**COLLECTED DATA:**
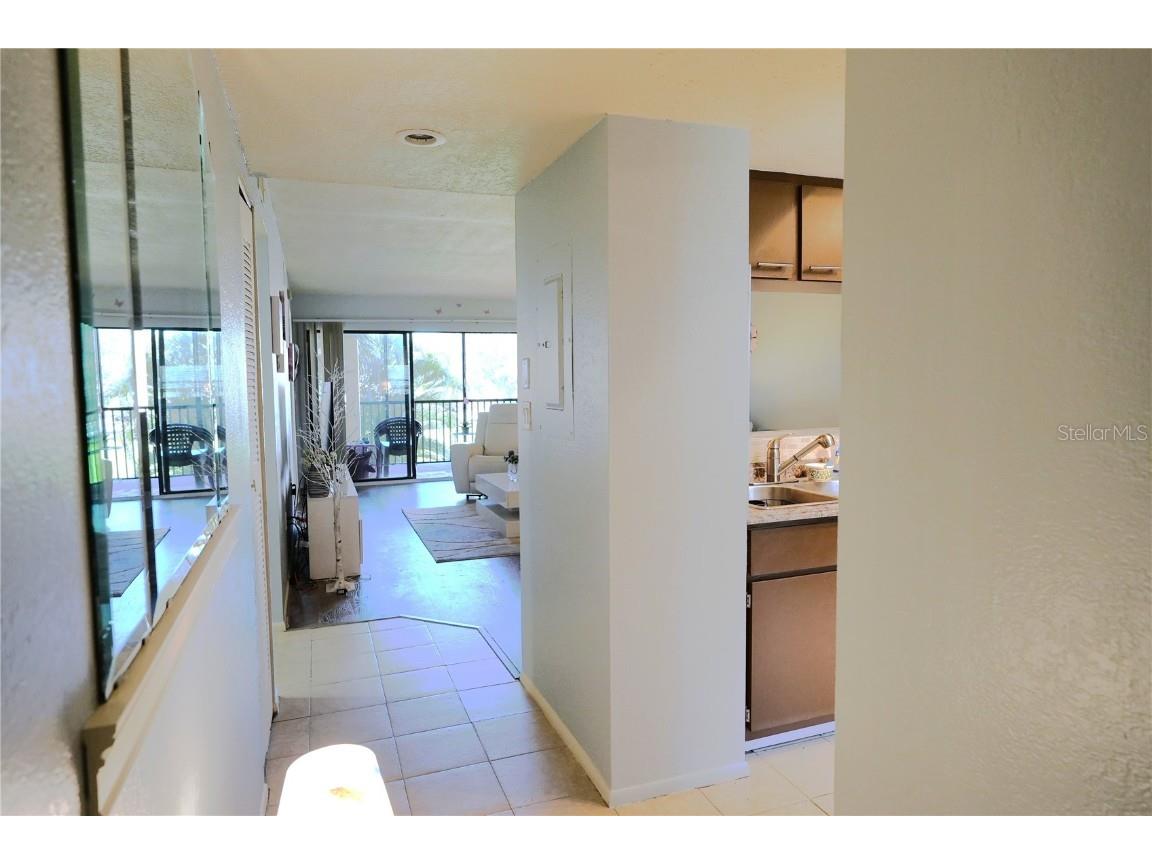 1999 Kings Highway #16B Punta Gorda FL 33980 C7515147 image3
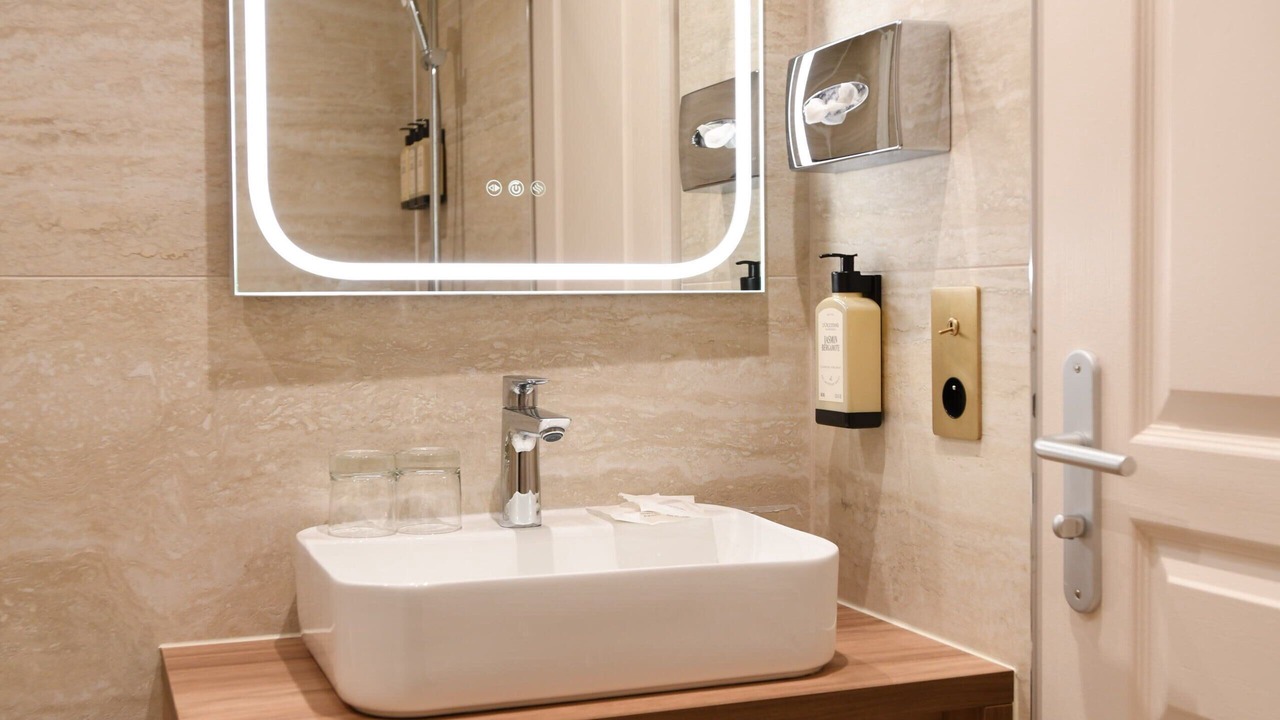 Photo of Bathroom in Couronne Urbaine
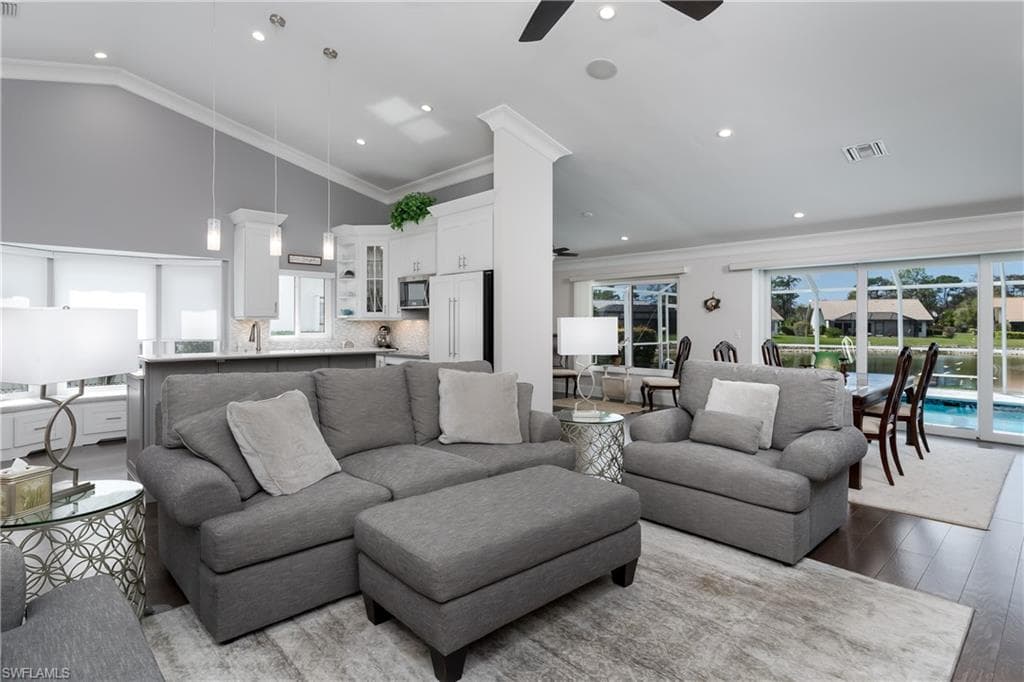 436 Fox Den CIR NAPLES, FL 34104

**WORK INSTRUCTIONS:** Repeat the data verbatim, excluding all pictures.

**ANSWER SPACE:**
 1999 Kings Highway #16B Punta Gorda FL 33980 C7515147 image3
 Photo of Bathroom in Couronne Urbaine
 436 Fox Den CIR NAPLES, FL 34104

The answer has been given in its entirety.